While Laura's Law doesn't require hospitalization, a person who refuses treatment under the law can be held in a psychiatric hospital for up to three days. Patients-rights advocates say this raises civil-rights issues and could potentially compromise a person's chance for long-term recovery.
But someone who's seriously mentally ill could be heading toward forced hospitalization anyhow, the law's proponents say. In an interview with CityBeat in January, Carla Jacobs, cofounder of the nonprofit Treatment Advocacy Center and one of the law's most vocal supporters, referred to Laura's Law as "5149 and a half"—5150 is the state code for the process under which a person can be involuntarily confined to a psychiatric facility. Laura's Law, Jacobs said, is supposed to catch someone before the point of forced hospitalization, incarceration or worse.
In Nevada County, where the law's been in place since 2008, the majority of folks voluntarily choose treatment, said Michael Heggarty, Nevada County's mental health director, at a Laura's Law forum held in San Diego last November. Heggarty said, too, that while the law costs the county roughly $20,000 per person, that's been balanced by savings from reduced jail and hospital stays.

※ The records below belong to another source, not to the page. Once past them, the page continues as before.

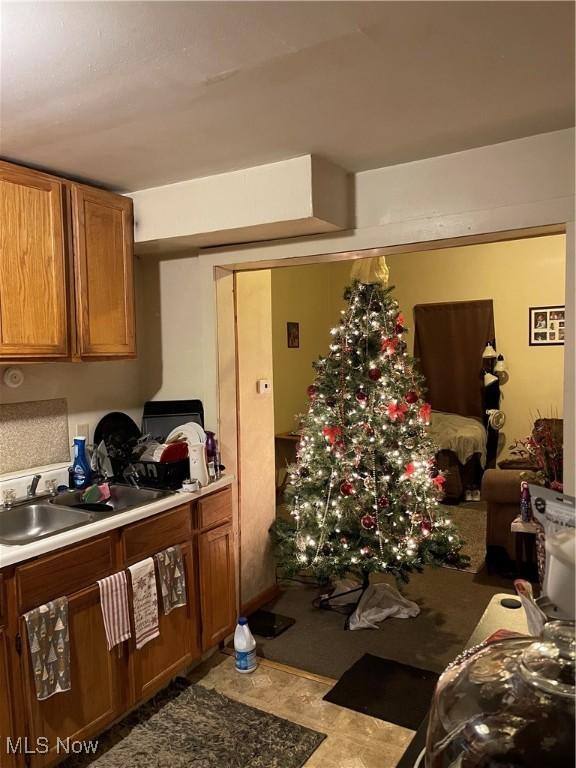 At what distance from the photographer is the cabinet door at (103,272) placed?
8.50ft

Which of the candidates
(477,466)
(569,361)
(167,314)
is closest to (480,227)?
(569,361)

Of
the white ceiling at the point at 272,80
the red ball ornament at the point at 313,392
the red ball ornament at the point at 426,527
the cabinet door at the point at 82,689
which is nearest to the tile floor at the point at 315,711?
the cabinet door at the point at 82,689

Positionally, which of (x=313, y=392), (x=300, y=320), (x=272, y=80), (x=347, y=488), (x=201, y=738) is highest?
(x=272, y=80)

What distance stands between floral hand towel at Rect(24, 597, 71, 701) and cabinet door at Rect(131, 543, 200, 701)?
1.25 feet

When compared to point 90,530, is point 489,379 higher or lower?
higher

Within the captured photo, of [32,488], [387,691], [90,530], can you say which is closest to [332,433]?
[387,691]

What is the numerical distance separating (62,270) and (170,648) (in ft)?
5.85

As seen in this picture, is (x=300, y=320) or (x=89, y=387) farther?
(x=300, y=320)

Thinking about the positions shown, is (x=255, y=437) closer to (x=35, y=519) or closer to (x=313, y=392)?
(x=313, y=392)

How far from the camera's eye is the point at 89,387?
3.06 metres

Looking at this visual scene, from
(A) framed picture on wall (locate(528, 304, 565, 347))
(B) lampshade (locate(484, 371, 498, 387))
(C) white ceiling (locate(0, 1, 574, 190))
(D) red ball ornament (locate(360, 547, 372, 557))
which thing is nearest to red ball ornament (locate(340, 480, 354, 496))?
(D) red ball ornament (locate(360, 547, 372, 557))

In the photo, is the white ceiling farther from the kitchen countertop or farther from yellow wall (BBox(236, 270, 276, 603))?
the kitchen countertop

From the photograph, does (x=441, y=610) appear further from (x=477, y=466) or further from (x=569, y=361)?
(x=477, y=466)

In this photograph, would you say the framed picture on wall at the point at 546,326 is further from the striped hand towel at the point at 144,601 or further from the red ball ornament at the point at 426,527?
the striped hand towel at the point at 144,601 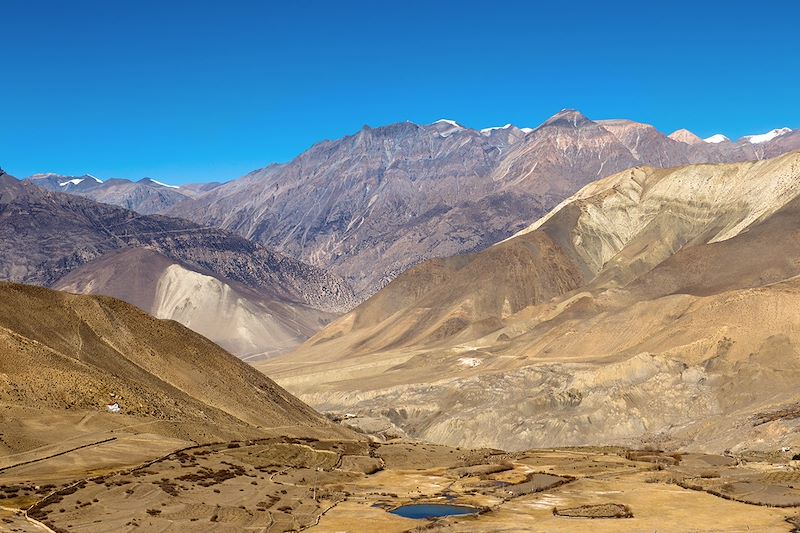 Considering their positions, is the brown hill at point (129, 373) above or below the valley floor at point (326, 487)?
above

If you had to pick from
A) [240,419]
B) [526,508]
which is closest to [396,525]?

San Diego County mental-health officials hope they've found a compromise. Called In-Home Outpatient Treatment, or iHOT, the program will consist of three mobile outreach teams that will, according to a program summary, provide "assessment, crisis intervention, case management and support services" to seriously mentally ill individuals and their families.
"There is not the court-ordered outpatient commitment that you have in Laura's Law," Aguirre said, but all the same treatment components are there. "Assertive community treatment, whatever it takes, 24/7. You provide some support for housing, you do a lot of outreach with families, work with other providers, work with law enforcement."
The county put out a request for proposals in July and will choose a provider by January 2012, Aguirre said. The program's first-year budget is $1.1 million, paid for by state Mental Health Services Act money, and is expected to serve between 300 and 360 people.
Law proponents remain skeptical. Eric Revere, who heads the San Diego County Laura's Law Steering Committee, said there needs to be what's known as "the black-robe effect"—the authority of a judge to get a person to agree to treatment.
"They're going to say no," said mental-health advocate Judy Belinsky.
Belinsky said she had to create her own version of Laura's Law for a mentally ill family member through what's known as a conservatorship—a legal process by which a person's who's been deemed gravely disabled is put under the care of a conservator.
"That's how he got better," she said. "We kept a case manager on him to monitor him. Laura's Law is to catch them before they get so unstable that they end up having to be in a locked-down facility for months."